▸ WHAT THE TASK REQUIRES:
Everything in the listing below should be written out again exactly, except the pictures.

▸ AVAILABLE DATA:
----------------------------------------
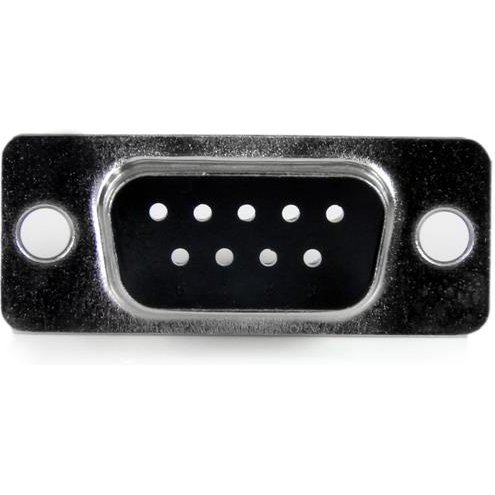 StarTech.com Adapteur Modulaire DB9 Mâle vers RJ45 Femelle Noir - DB9 à RJ45 M/F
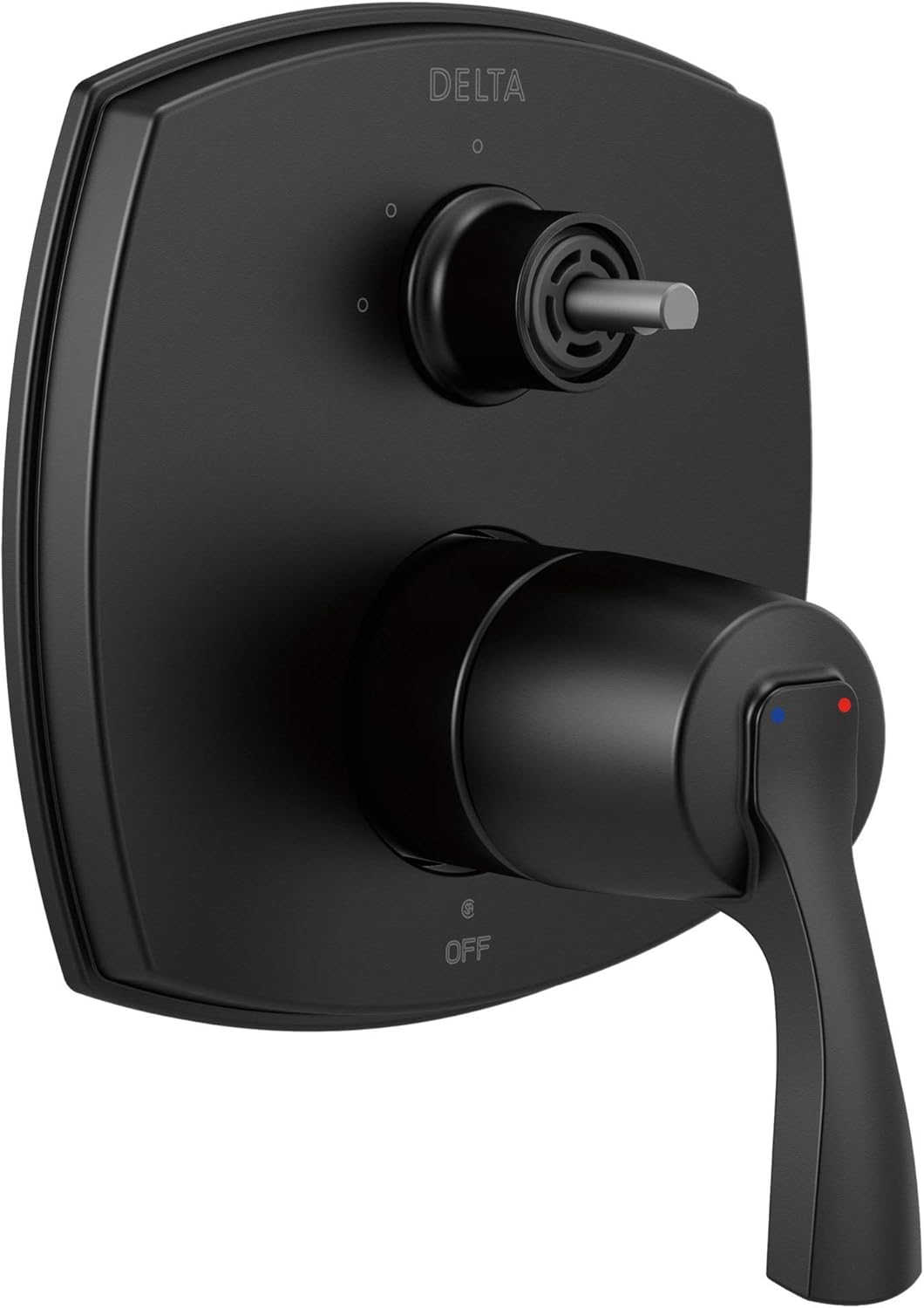 Delta Styke Single-Function Shower Handle Valve Trim Kit with 3-Way Integrated Diverter, Matte Black Shower System Valve with Diverter, Matte Black T24876-BLLHP (Handle Not Included)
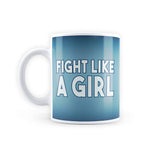 DC Comics  Wonder Women Fight Like A Girl Design Coffee Mug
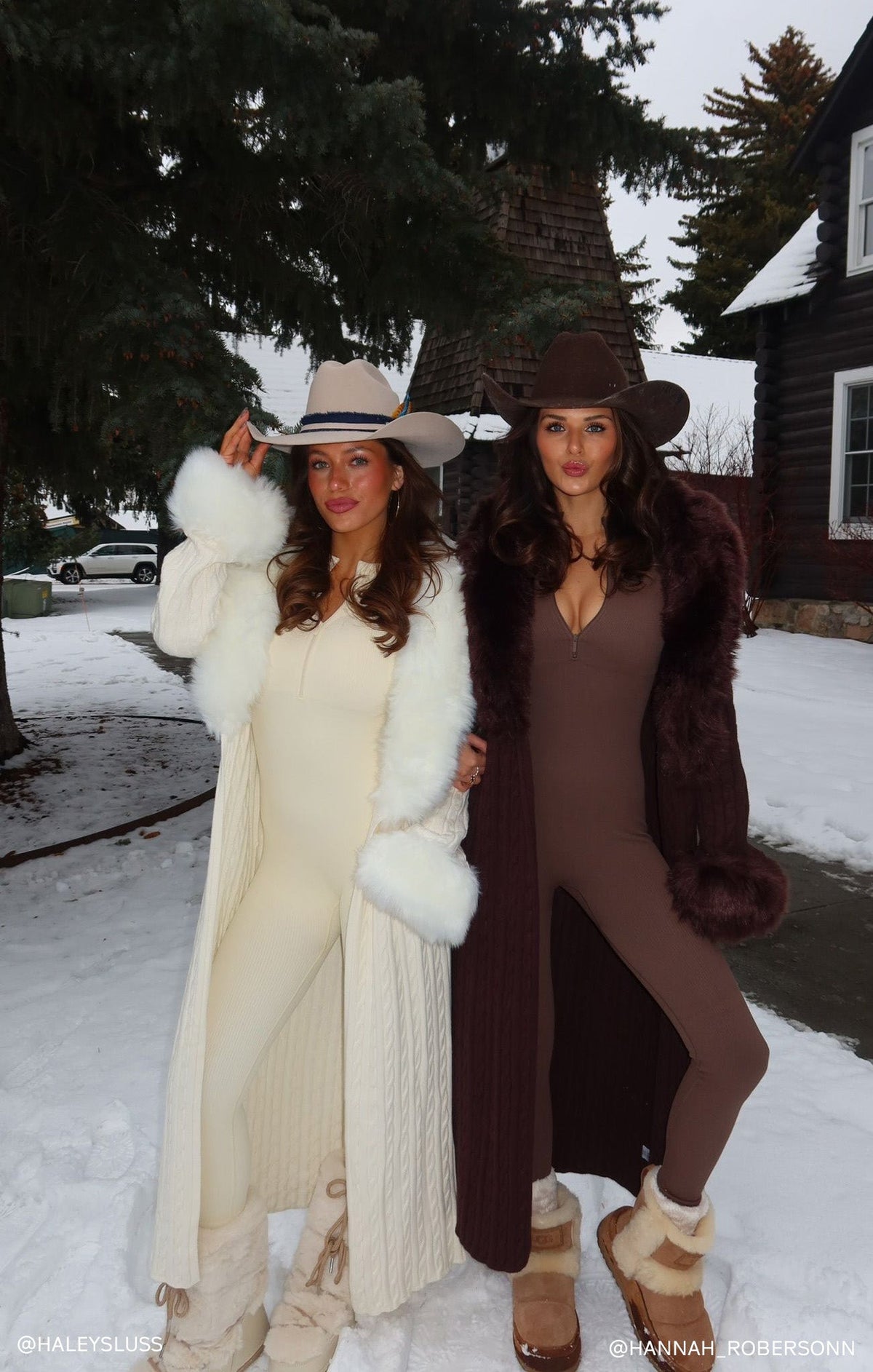 Stormi Cardigan ~ Chocolate Cable Knit with Faux Fur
----------------------------------------
▸ RESPONSE AREA:
 StarTech.com Adapteur Modulaire DB9 Mâle vers RJ45 Femelle Noir - DB9 à RJ45 M/F
 Delta Styke Single-Function Shower Handle Valve Trim Kit with 3-Way Integrated Diverter, Matte Black Shower System Valve with Diverter, Matte Black T24876-BLLHP (Handle Not Included)
 DC Comics  Wonder Women Fight Like A Girl Design Coffee Mug
 Stormi Cardigan ~ Chocolate Cable Knit with Faux Fur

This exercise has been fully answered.